##### Records for this task #####

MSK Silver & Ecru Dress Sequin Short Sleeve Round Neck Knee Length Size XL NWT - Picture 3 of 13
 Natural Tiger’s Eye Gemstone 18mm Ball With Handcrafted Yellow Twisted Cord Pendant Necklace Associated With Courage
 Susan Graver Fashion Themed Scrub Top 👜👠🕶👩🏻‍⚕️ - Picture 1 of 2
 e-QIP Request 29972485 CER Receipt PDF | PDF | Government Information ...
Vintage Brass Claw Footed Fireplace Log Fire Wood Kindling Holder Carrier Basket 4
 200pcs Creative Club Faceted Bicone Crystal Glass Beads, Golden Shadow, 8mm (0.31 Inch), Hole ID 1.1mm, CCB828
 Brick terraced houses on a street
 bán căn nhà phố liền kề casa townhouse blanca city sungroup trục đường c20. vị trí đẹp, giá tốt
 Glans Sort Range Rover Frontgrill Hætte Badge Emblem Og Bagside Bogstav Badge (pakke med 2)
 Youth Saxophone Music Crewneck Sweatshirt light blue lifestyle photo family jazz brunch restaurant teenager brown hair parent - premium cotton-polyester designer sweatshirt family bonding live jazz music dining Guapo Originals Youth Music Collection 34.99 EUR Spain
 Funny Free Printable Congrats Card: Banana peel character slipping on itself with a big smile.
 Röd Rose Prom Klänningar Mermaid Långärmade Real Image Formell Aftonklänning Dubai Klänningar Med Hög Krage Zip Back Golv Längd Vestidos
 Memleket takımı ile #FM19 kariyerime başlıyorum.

#####

Activity:
Extract each line from the entries above that contains the string "Picture".

Response to the exercise:
MSK Silver & Ecru Dress Sequin Short Sleeve Round Neck Knee Length Size XL NWT - Picture 3 of 13
 Susan Graver Fashion Themed Scrub Top 👜👠🕶👩🏻‍⚕️ - Picture 1 of 2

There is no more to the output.